Task directions: Reproduce all the lines below exactly and omit the images.

Supplied data:
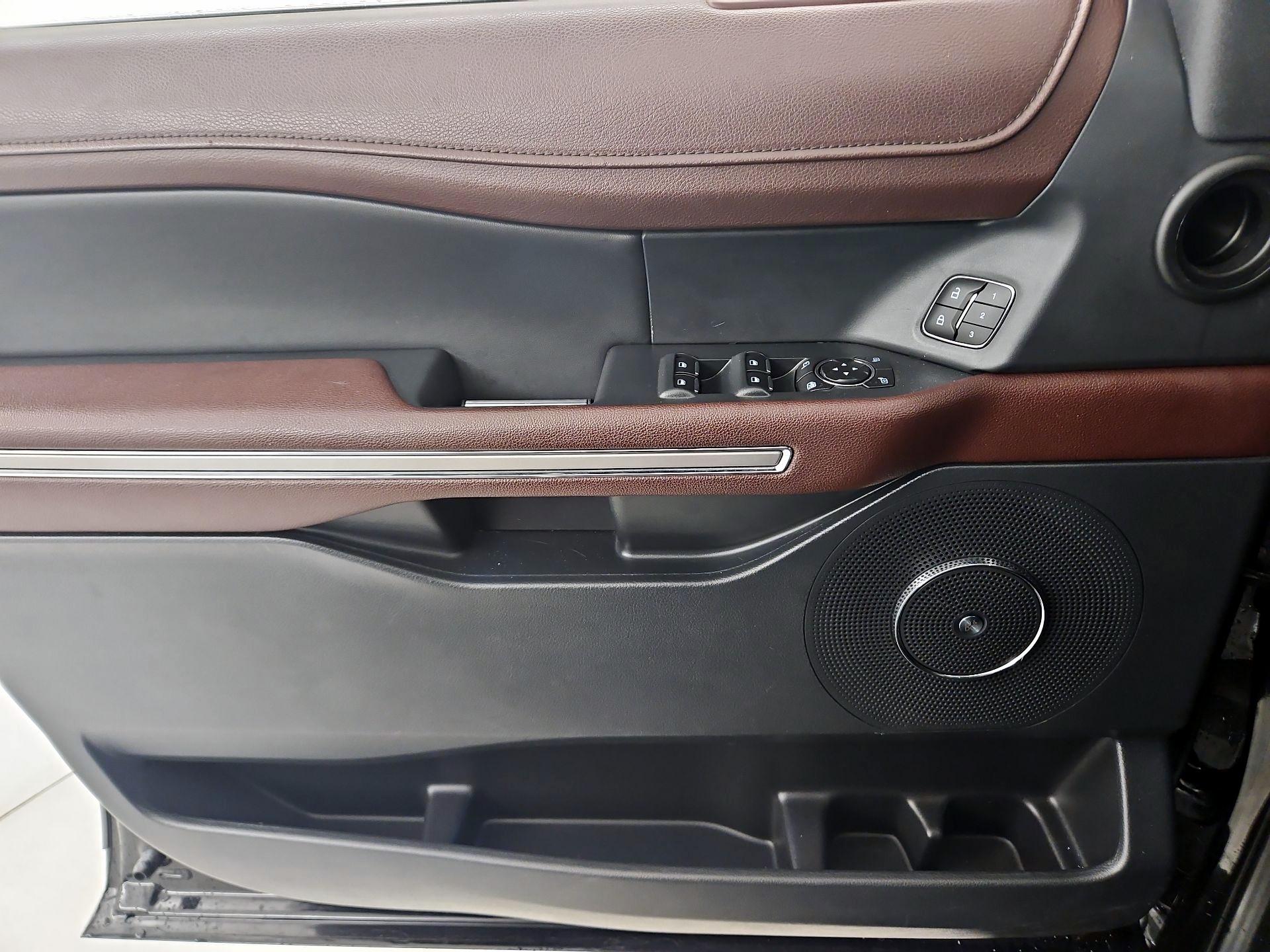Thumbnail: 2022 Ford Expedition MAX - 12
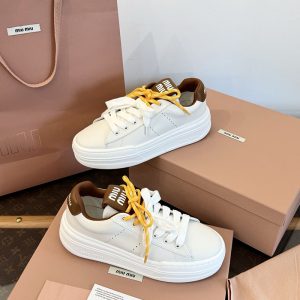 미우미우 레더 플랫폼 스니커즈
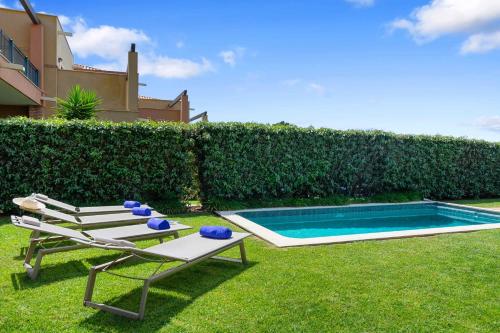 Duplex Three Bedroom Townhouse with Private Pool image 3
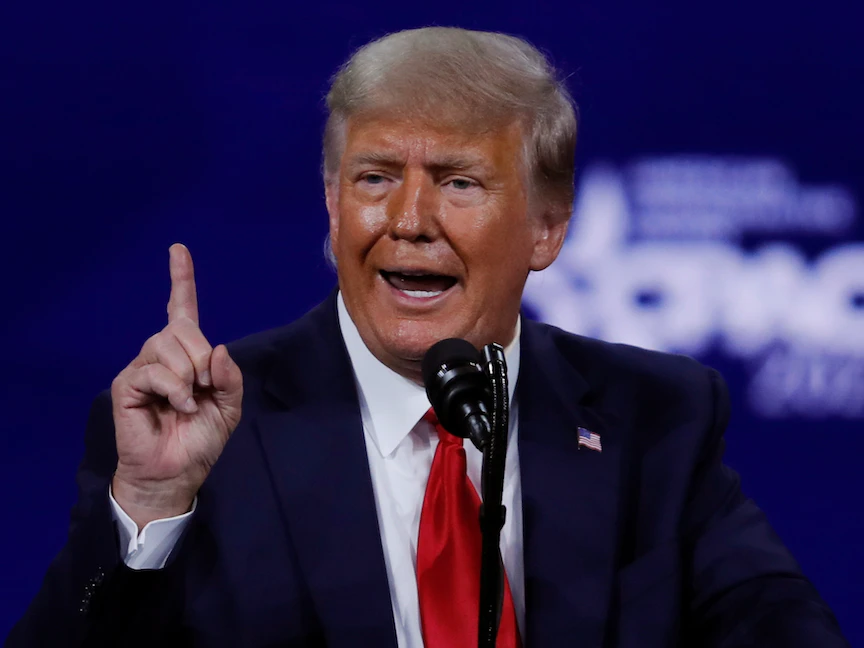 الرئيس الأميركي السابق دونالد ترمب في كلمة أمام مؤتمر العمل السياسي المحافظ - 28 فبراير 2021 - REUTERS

Response box:
Thumbnail: 2022 Ford Expedition MAX - 12
 미우미우 레더 플랫폼 스니커즈
 Duplex Three Bedroom Townhouse with Private Pool image 3
 الرئيس الأميركي السابق دونالد ترمب في كلمة أمام مؤتمر العمل السياسي المحافظ - 28 فبراير 2021 - REUTERS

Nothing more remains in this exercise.